---
title: "SE-0027: Expose code unit initializers on String"
framework: swift-evolution
role: article
path: swift-evolution/0027-string-from-code-units
---

# SE-0027: Expose code unit initializers on String

* Proposal: [SE-0027](0027-string-from-code-units.md)
* Author: [Zachary Waldowski](https://github.com/zwaldowski)
* Review Manager: [Doug Gregor](https://github.com/DougGregor)
* Status: **Rejected**
* Decision Notes: [Rationale](https://forums.swift.org/t/rejected-se-0027-expose-code-unit-initializers-on-string/1529)

## Introduction

Going back and forth from Strings to their byte representations is an important part of solving many problems, including object serialization, binary and text file formats, wire/network interfaces, and cryptography. Swift has such utilities, but currently only exposed through `String.Type.fromCString(_:)` and `String.Type.fromCStringRepairingIllFormedUTF8(_:)`.

See swift-evolution [thread](https://forums.swift.org/t/faster-lower-level-external-string-initialization/974) and [draft proposal](https://forums.swift.org/t/faster-lower-level-external-string-initialization/974/4).

## Motivation

In developing a parser, a coworker did the yeoman's work of benchmarking Swift's Unicode types.

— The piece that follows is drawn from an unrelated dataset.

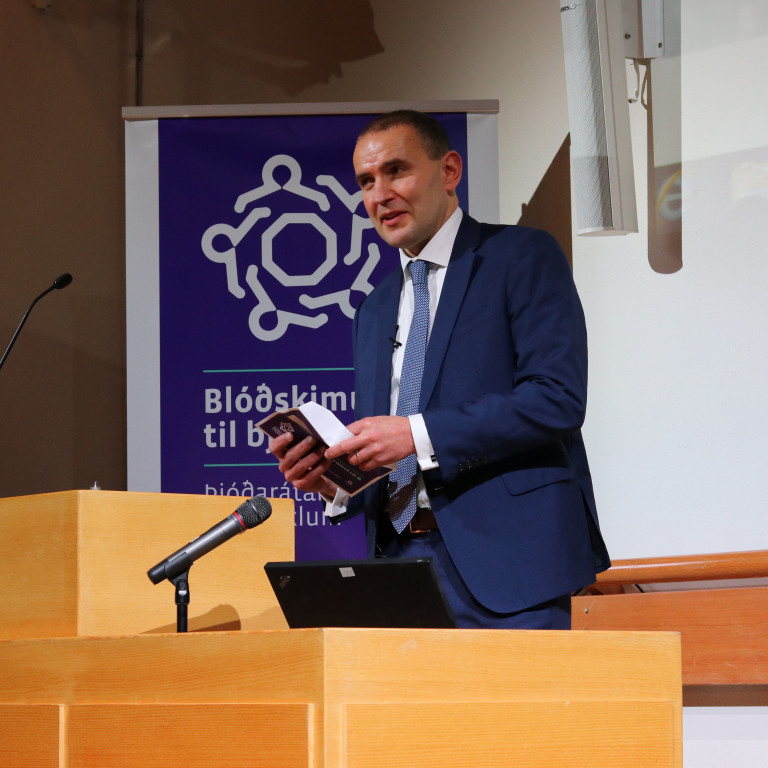 Guðni Th. Jíhannesson skráði sig í átakið Blóðskimun til bjargar.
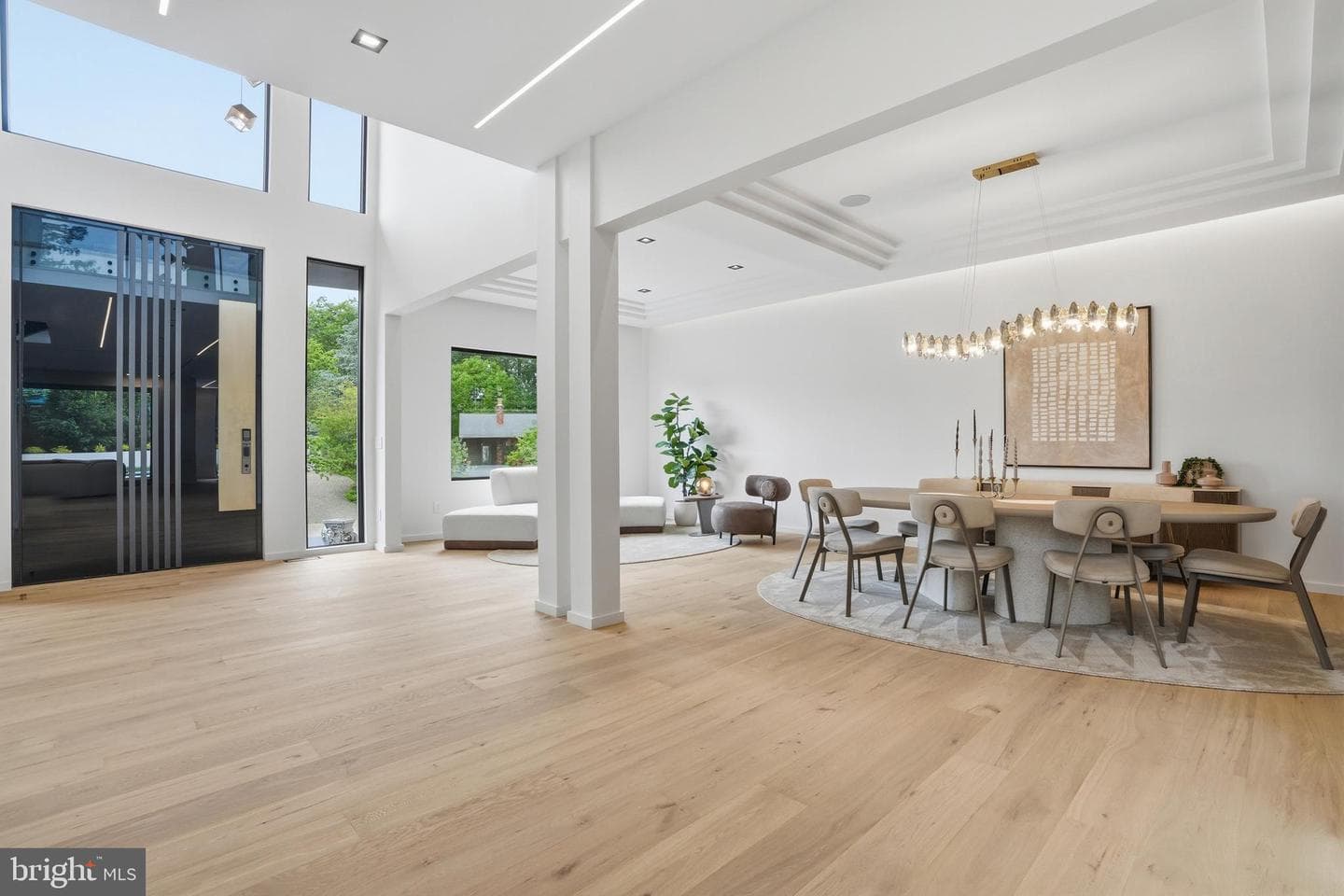 1803 Dumbarton Street photo 11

He swore up and down that `String.Type.fromCString(_:)` ([use](https://gist.github.com/zwaldowski/5f1a1011ea368e1c833e#file-fromcstring-swift)) was the fastest way he found. I, stubborn and noobish as I am, was skeptical that a better way couldn't be wrought from Swift's `UnicodeCodecType`s.

After reading through stdlib source and doing my own testing, this is no wives' tale. `fromCString` is essentially the only public-facing user of `String.Type._fromCodeUnitSequence(_:input:)`, which serves the exact role of both efficient and safe initialization-by-buffer-copy. After many attempts, I've concluded that the currently available `String` APIs are deficient, as they provide much worse performance without guaranteeing more Unicode safety.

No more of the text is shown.